Sobre él se movían sombras largas, malévolas y aterradoras. Demonios preparándose para torturarlo por la eternidad.

—No sé si podrá salir este choque. Aumenta la infusión y reconstruye la arteria braquial o se va a quedar seco.

—Imposible, está calcinada. Haré un acceso lateral, pero tengo que reparar el hueso o la seguirá desgarrando, dame un minuto. ¿Se detuvo el corazón?

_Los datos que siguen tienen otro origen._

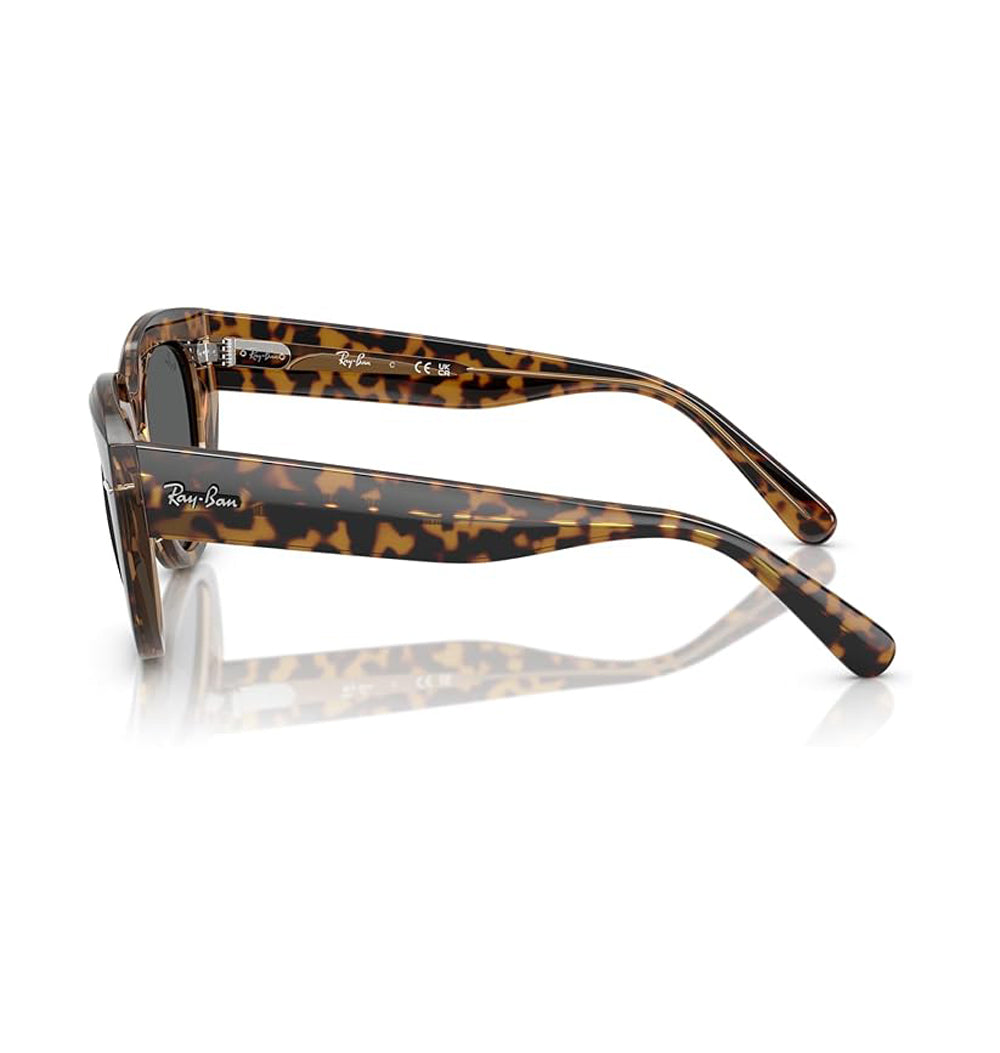 Ray-Ban Doreen Sunglasses HavanaOnTransparentBrown DKGrey
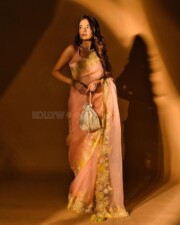 Model Anushka Sen in a Dusty Rose Zari Sequence Work Saree Photos 05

—Todavía no, pero no expande sus pulmones, me encargaré de su respiración. Creo que es el diafragma, hay que sellarlo...

—Maldito viejo, lo juro, si te mueres aquí, te voy a… —Le recriminó la druida, apretujándolo del brazo como si fuera un muñeco.

Este drama sólo podía significar una cosa: fracasó con su hechizo. La moza y el cobarde intentaban sanarlo. Se sintió avergonzado. Lo miraban como si fuera un perro. Le hubiera gustado empujarlos y gritarles que lo dejaran en paz, pero no podía mover ni un párpado.

—Si bien contuvimos las hemorragias y ya respira por sí mismo —informó la druida a Ab Muhajadim, quien acababa de trepar por las escaleras—, volverá a empeorarse en unos minutos. Perdió mucha sangre, se quemó más de tres cuartas partes y definitivamente hay que lavar las heridas o se infectarán. Llevémoslo a la base, allá terminaremos de estabilizarlo.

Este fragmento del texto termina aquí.